[Captioned web images]
Segment Open

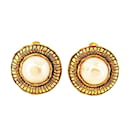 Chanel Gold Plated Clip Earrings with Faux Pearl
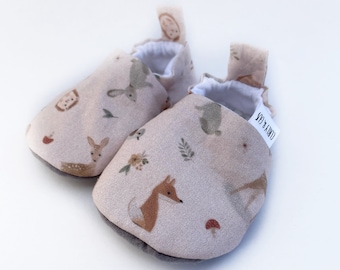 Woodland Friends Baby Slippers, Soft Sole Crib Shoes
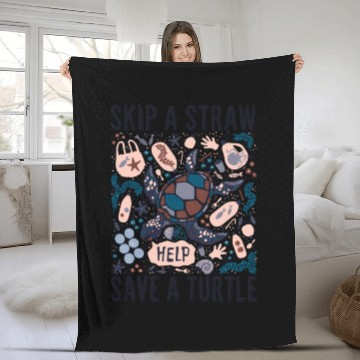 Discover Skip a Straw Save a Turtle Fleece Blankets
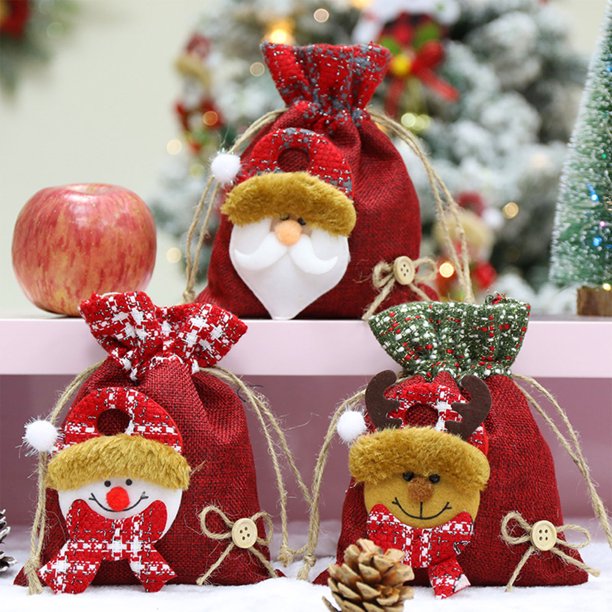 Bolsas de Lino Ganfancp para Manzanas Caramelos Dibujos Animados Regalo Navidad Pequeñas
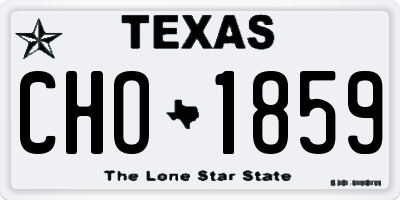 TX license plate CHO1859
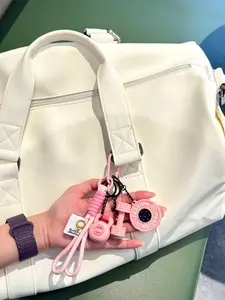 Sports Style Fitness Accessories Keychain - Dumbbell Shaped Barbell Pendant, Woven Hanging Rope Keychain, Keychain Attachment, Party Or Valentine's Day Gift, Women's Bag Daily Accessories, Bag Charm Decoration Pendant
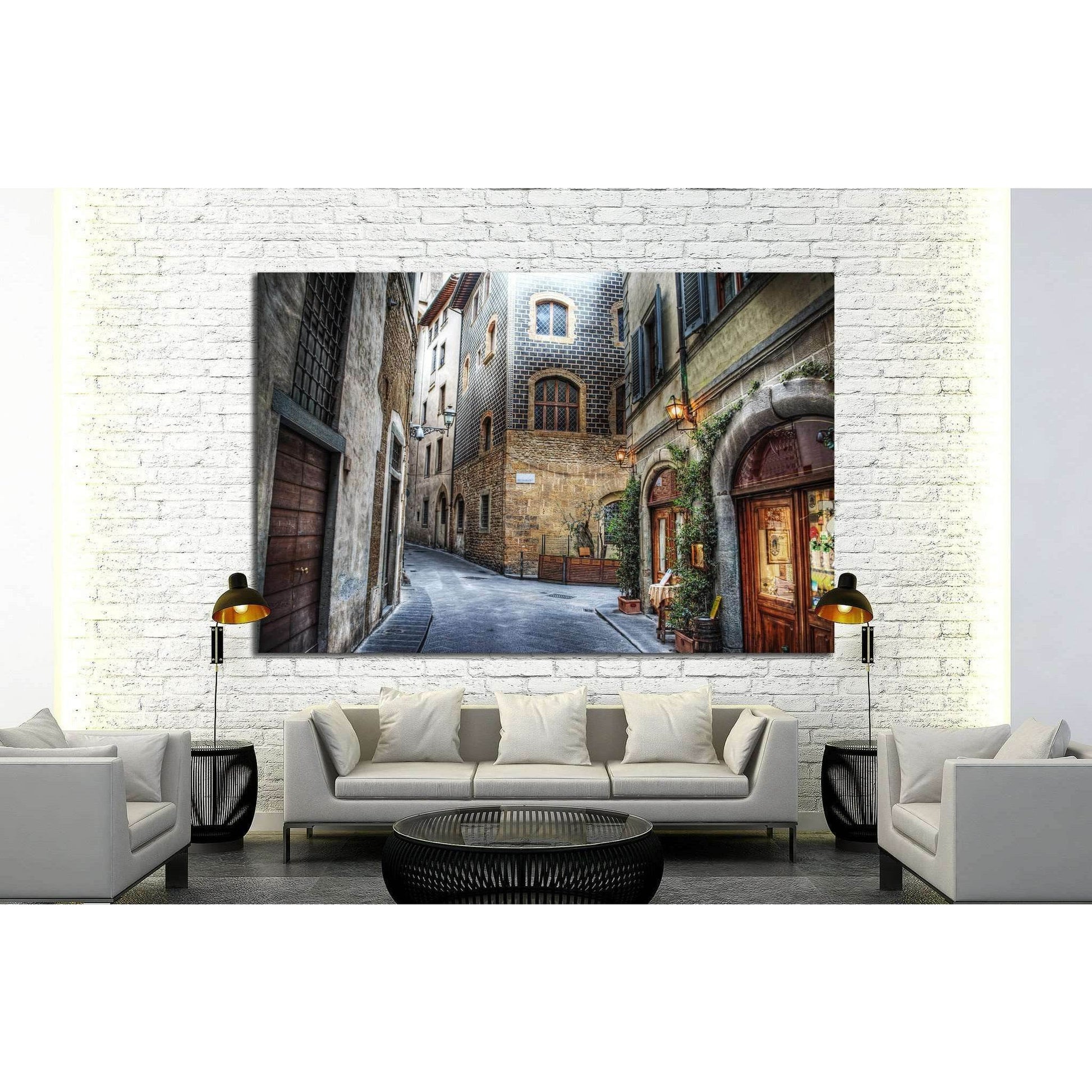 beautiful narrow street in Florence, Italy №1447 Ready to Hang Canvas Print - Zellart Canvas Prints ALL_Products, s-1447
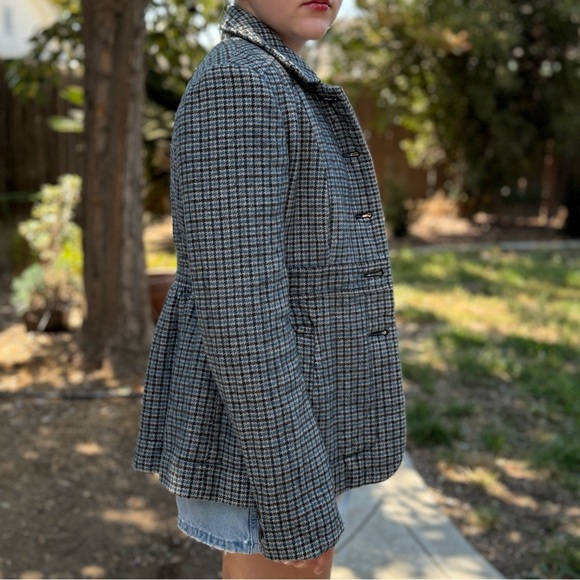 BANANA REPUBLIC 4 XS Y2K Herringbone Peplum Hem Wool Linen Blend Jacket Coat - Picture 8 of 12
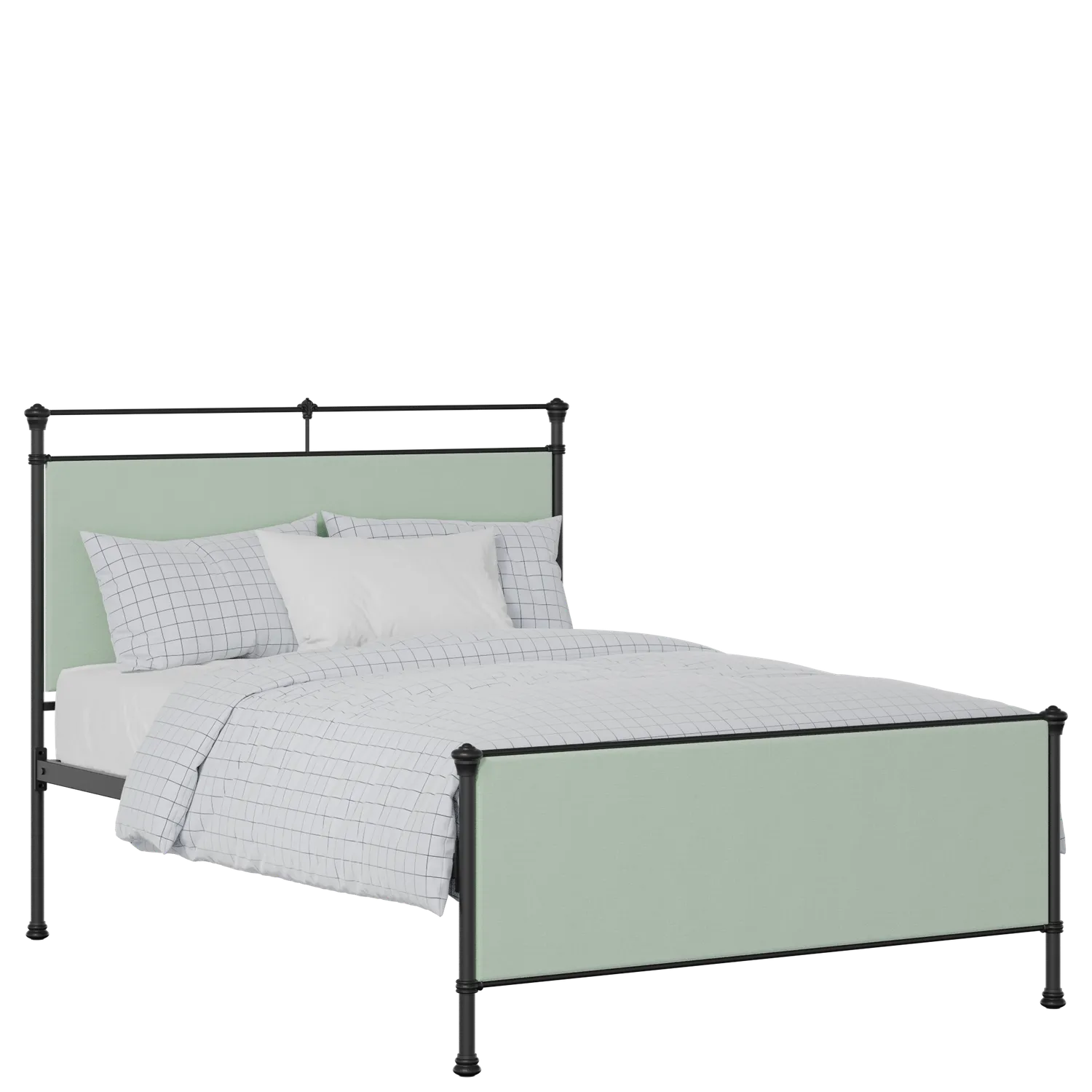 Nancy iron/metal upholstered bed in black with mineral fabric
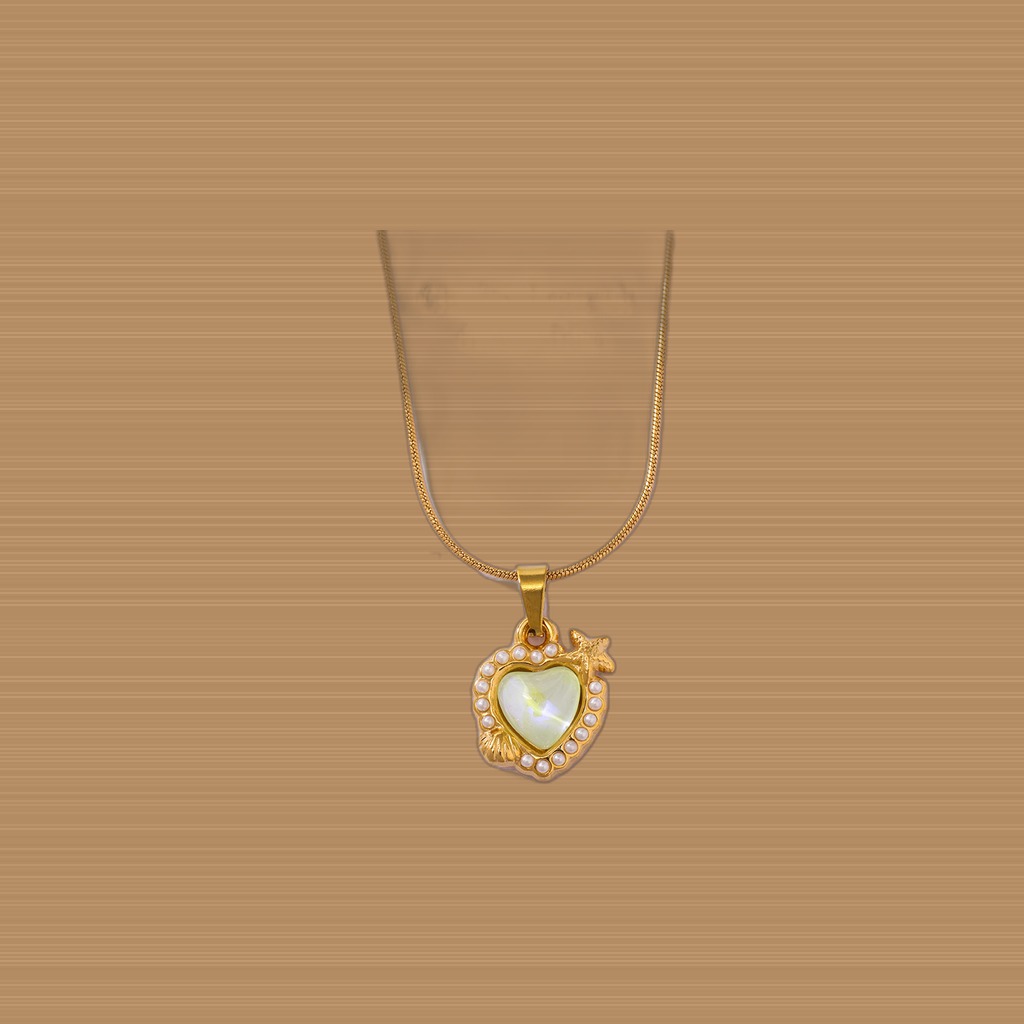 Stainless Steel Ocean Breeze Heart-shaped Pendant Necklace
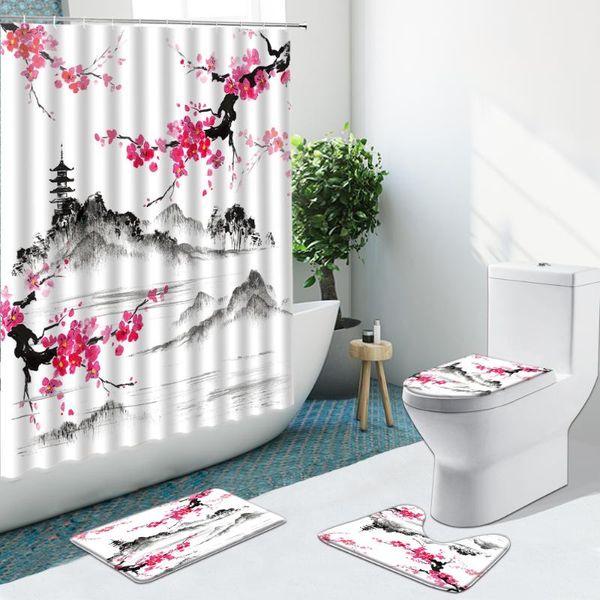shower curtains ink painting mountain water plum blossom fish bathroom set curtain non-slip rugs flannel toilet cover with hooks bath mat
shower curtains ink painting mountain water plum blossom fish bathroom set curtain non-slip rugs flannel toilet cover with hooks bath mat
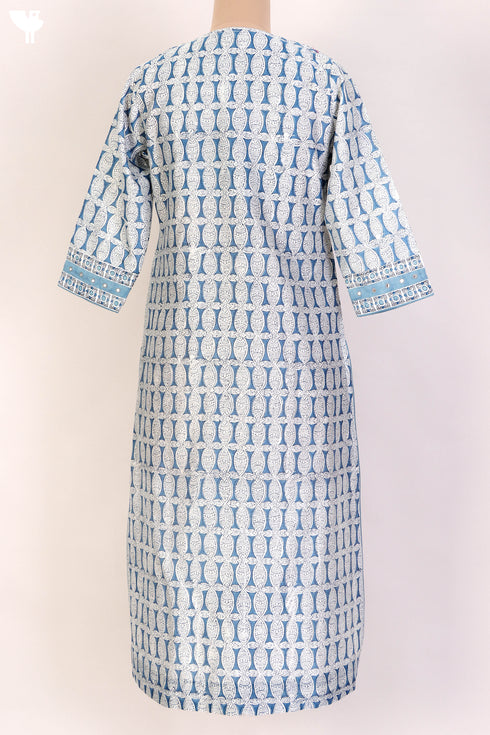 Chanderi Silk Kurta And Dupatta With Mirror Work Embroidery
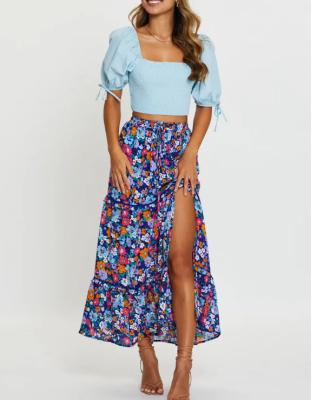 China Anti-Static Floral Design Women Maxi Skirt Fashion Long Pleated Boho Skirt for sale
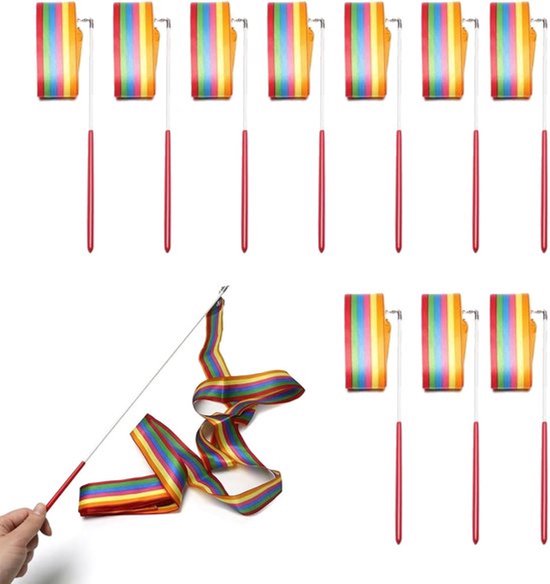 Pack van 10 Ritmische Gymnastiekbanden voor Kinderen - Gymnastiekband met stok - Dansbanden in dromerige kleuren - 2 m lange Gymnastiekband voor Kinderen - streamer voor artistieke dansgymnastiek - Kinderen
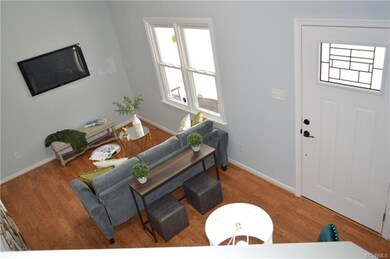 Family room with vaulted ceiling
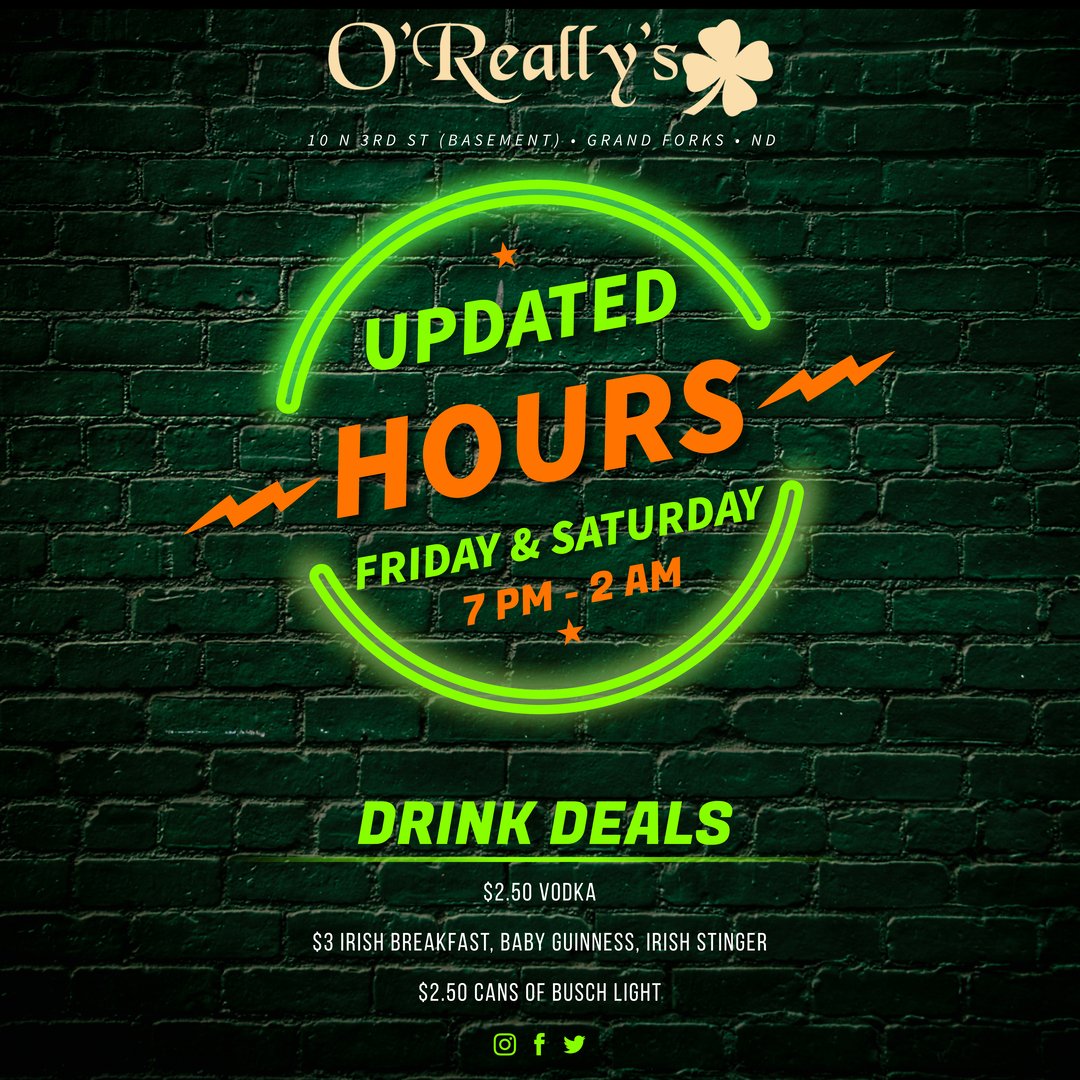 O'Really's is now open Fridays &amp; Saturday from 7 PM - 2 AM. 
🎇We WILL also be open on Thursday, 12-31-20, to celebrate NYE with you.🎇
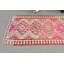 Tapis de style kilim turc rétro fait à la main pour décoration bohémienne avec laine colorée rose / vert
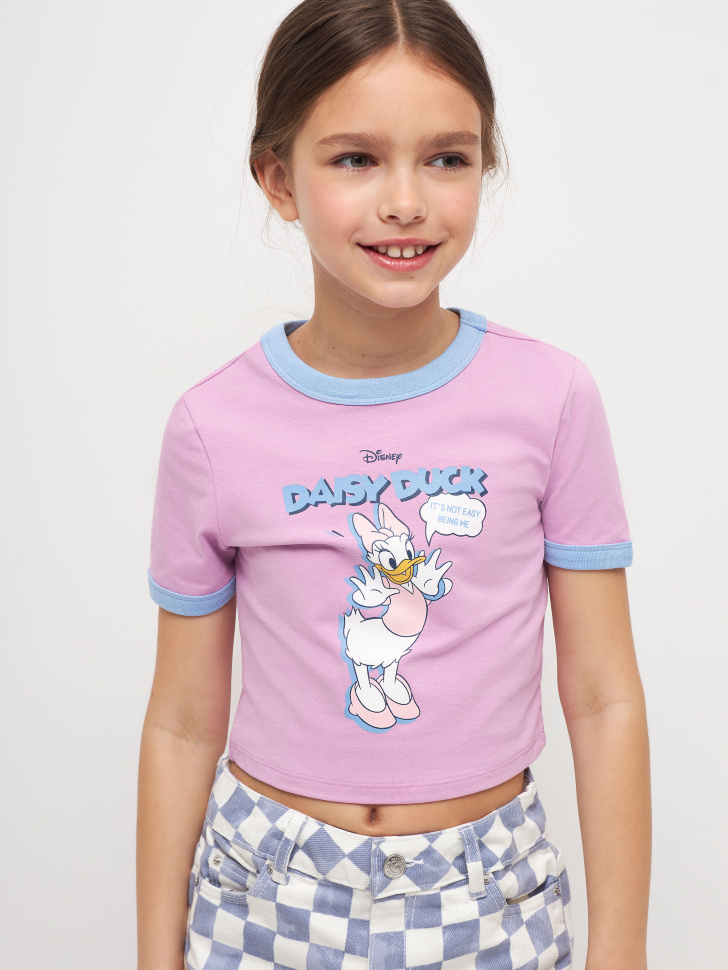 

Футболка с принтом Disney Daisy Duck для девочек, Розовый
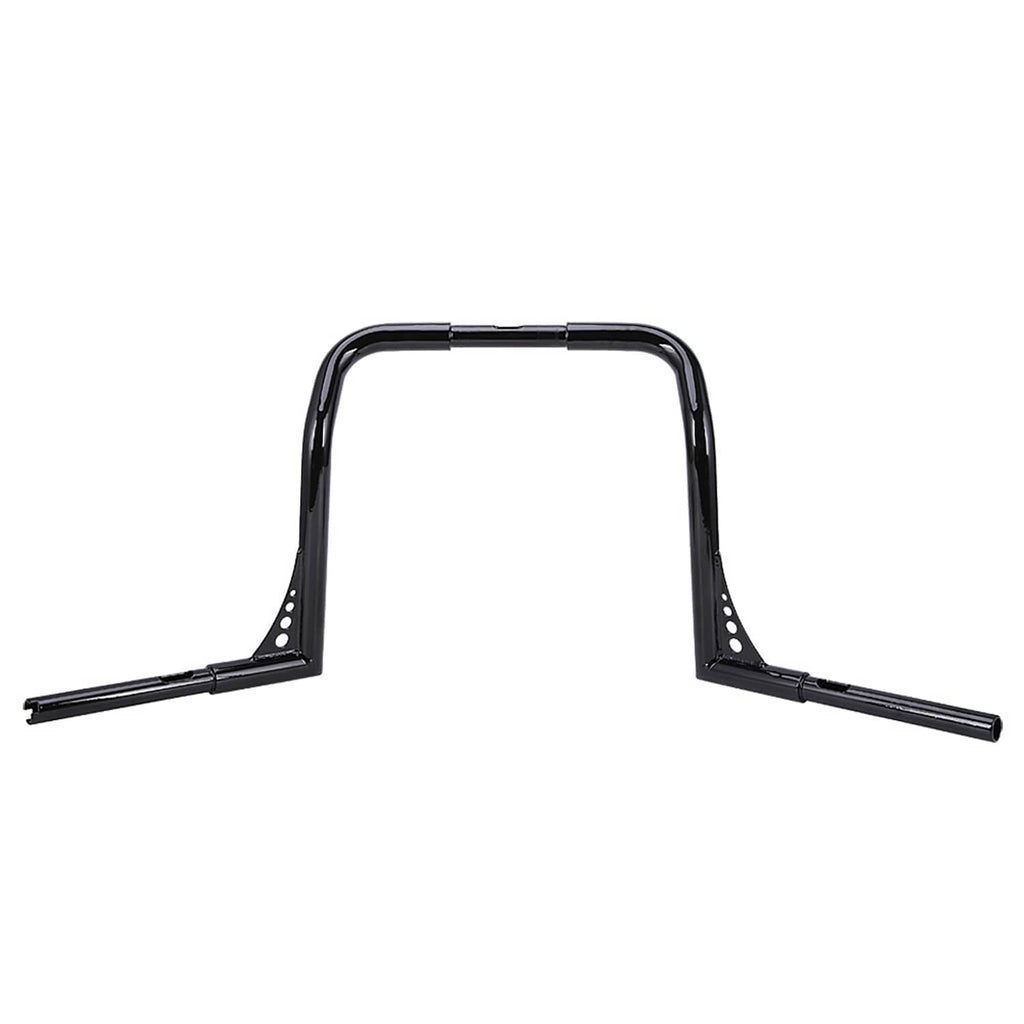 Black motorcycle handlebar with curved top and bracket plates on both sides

Segment Closed

-- Work request --
Please give again the entries word for word, starting at the first line and ending with the line that contains "Bolsas de Lino"; include both of those lines but none of the pictures.

-- Task result --
 Chanel Gold Plated Clip Earrings with Faux Pearl
 Woodland Friends Baby Slippers, Soft Sole Crib Shoes
 Discover Skip a Straw Save a Turtle Fleece Blankets
 Bolsas de Lino Ganfancp para Manzanas Caramelos Dibujos Animados Regalo Navidad Pequeñas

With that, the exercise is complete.